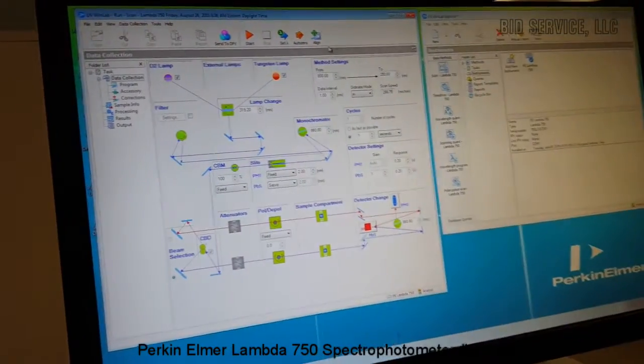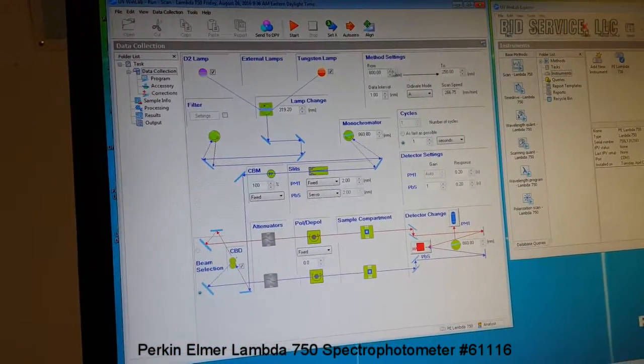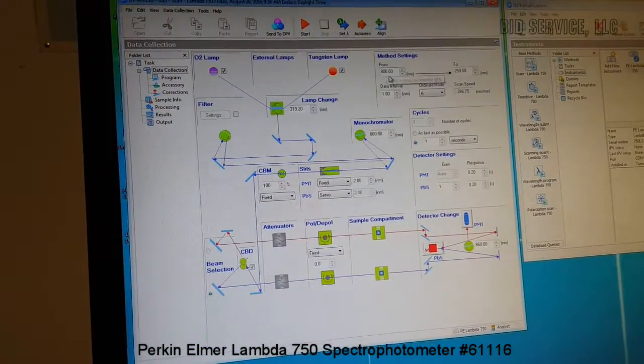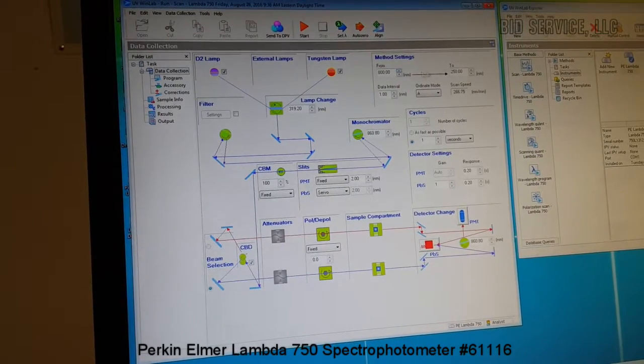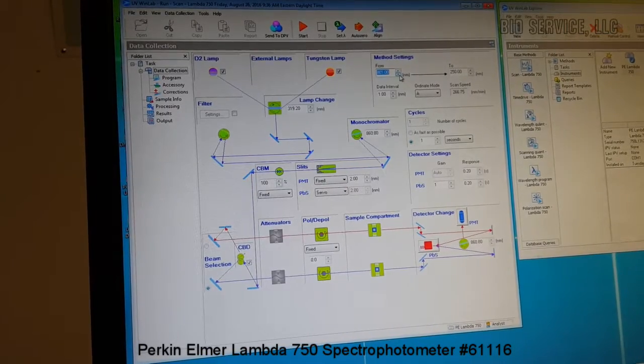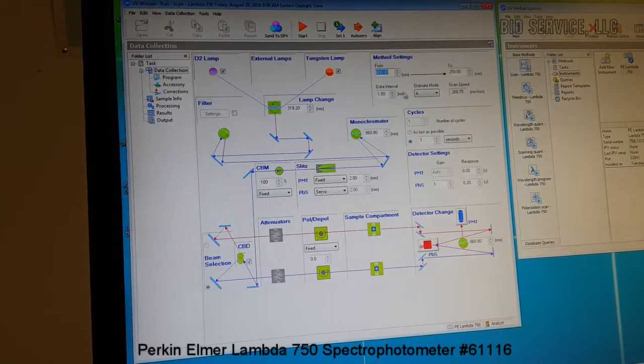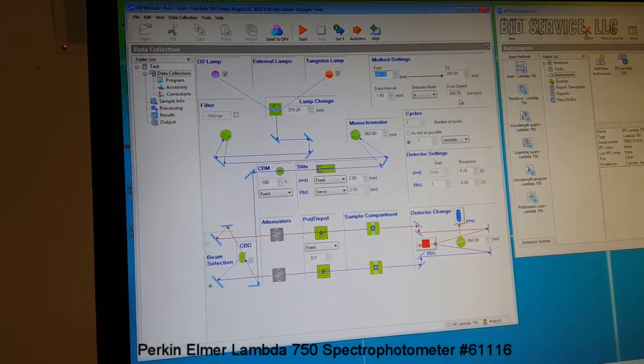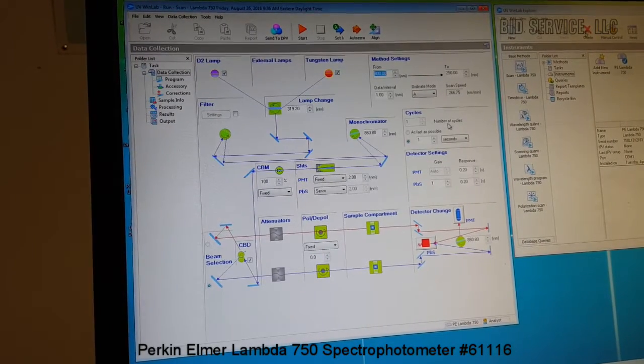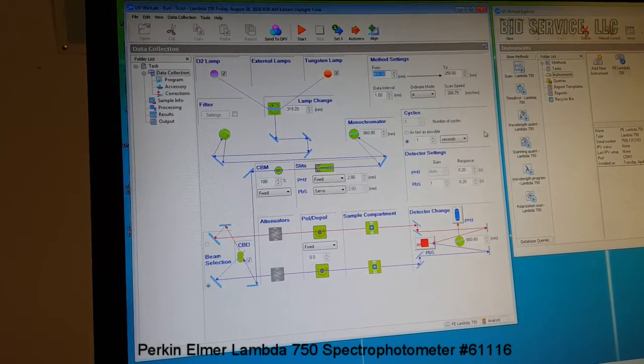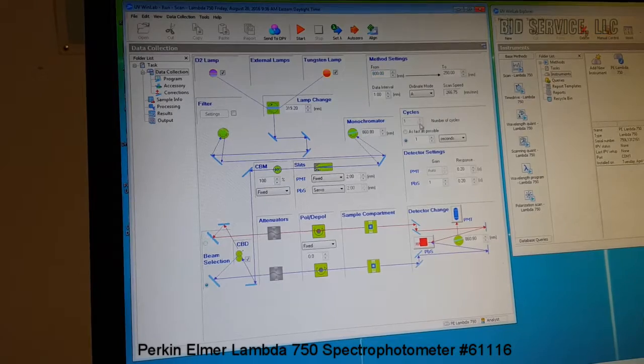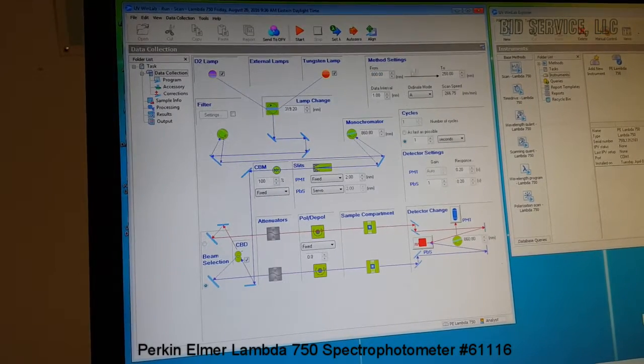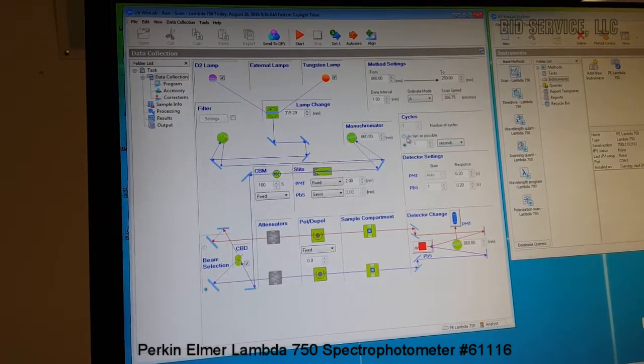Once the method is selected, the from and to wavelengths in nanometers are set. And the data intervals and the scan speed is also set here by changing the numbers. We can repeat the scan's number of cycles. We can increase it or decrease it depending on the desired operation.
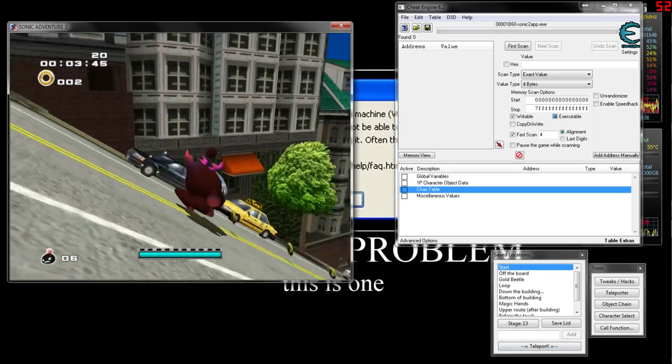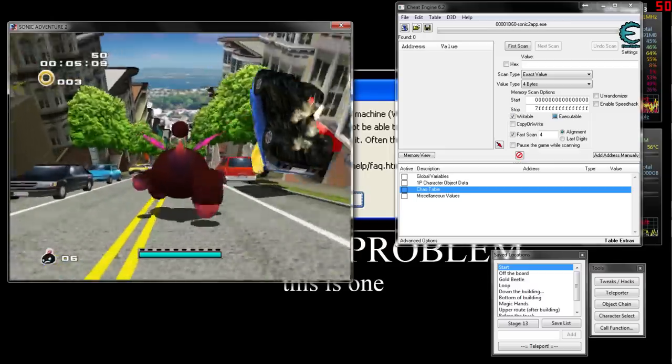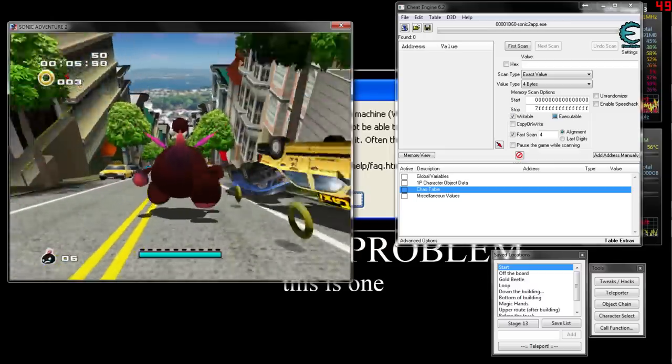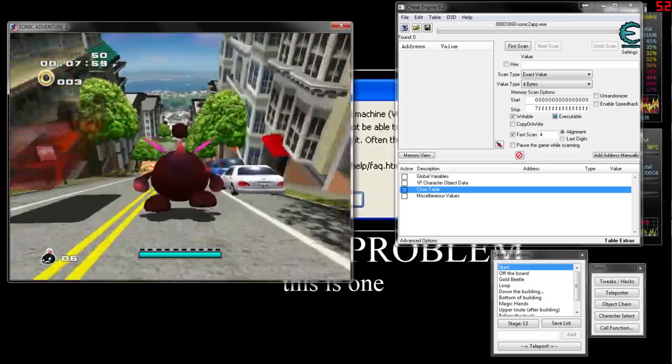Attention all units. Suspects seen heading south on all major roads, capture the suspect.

==

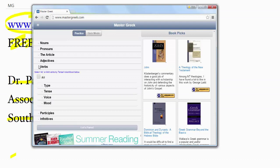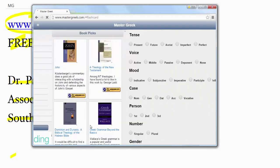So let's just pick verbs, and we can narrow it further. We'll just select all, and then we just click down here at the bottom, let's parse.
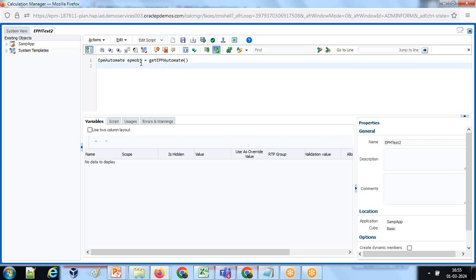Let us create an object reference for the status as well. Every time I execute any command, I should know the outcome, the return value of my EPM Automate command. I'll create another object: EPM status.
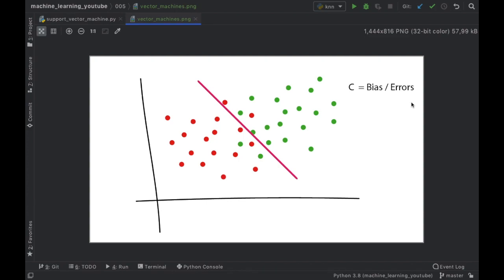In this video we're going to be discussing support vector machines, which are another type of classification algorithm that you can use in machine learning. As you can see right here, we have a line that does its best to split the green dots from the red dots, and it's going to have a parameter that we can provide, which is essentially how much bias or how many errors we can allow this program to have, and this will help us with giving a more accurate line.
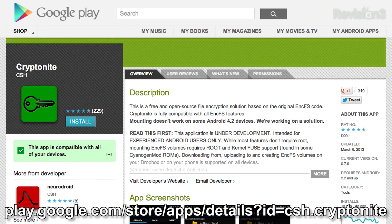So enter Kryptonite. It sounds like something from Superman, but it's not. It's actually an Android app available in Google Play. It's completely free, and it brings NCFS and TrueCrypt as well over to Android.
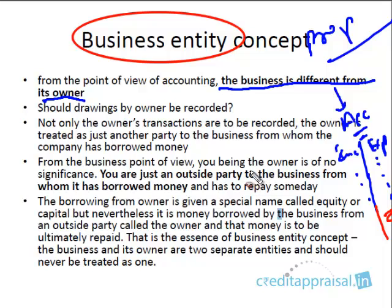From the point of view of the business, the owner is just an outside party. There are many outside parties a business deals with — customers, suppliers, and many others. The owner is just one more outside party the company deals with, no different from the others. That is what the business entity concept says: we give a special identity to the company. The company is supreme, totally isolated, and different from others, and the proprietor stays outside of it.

...

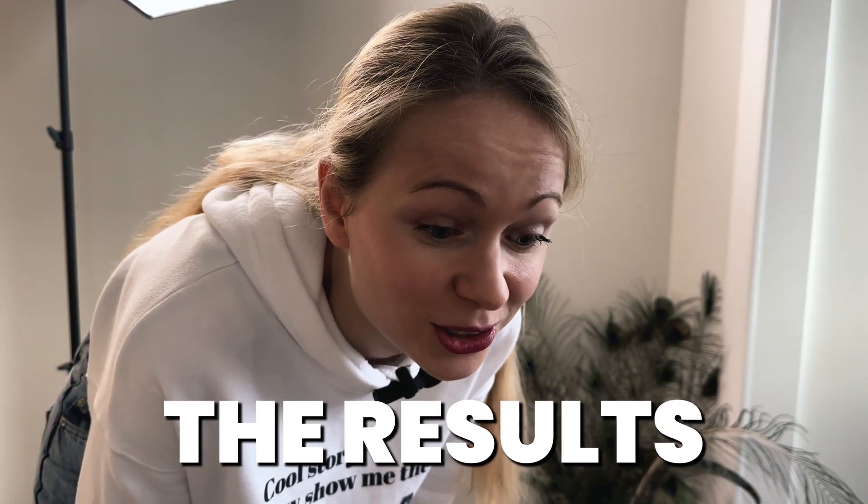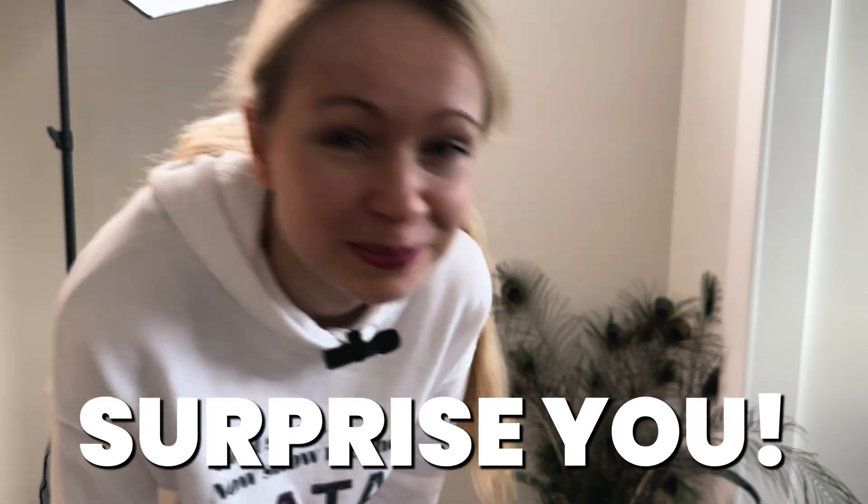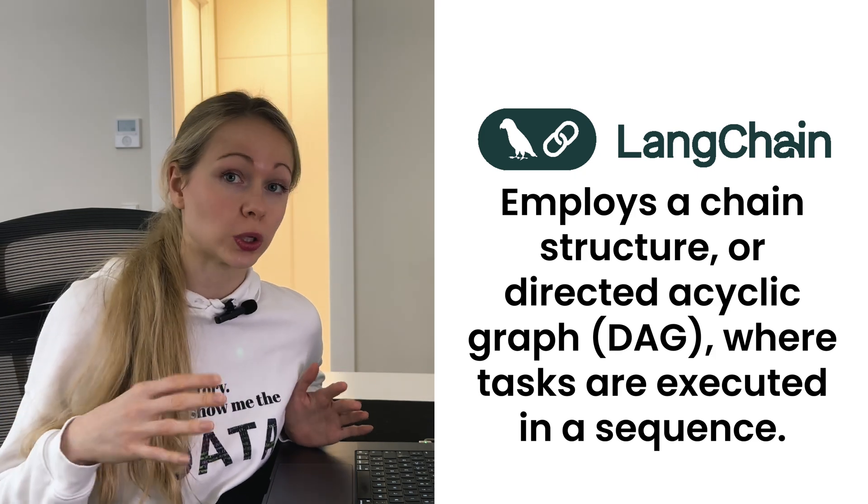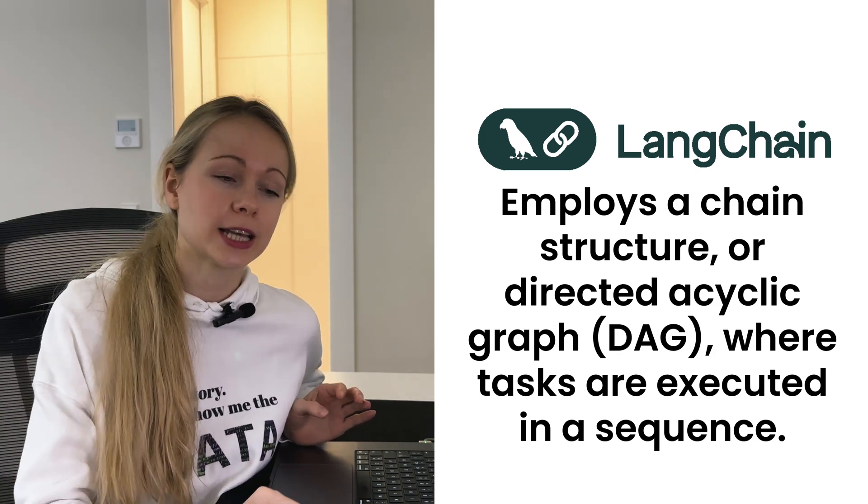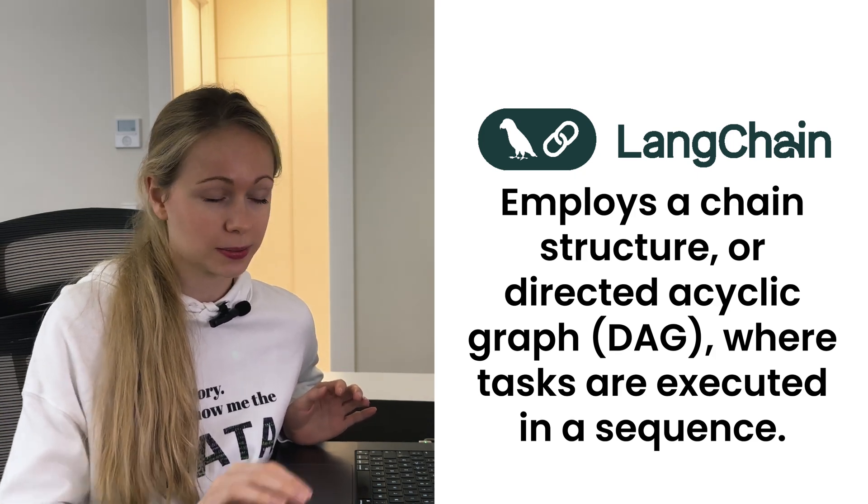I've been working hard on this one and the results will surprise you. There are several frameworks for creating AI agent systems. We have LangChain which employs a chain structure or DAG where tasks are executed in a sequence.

◆ **DESCRIPTION OF THE TASK**
Look above for the line containing "Once the method" and the line containing "Attention all units.", then reproduce both and everything between them exactly, pictures omitted.

◆ **THE ANSWER**
Once the method is selected, the from and to wavelengths in nanometers are set. And the data intervals and the scan speed is also set here by changing the numbers. We can repeat the scan's number of cycles. We can increase it or decrease it depending on the desired operation.
Attention all units. Suspects seen heading south on all major roads, capture the suspect.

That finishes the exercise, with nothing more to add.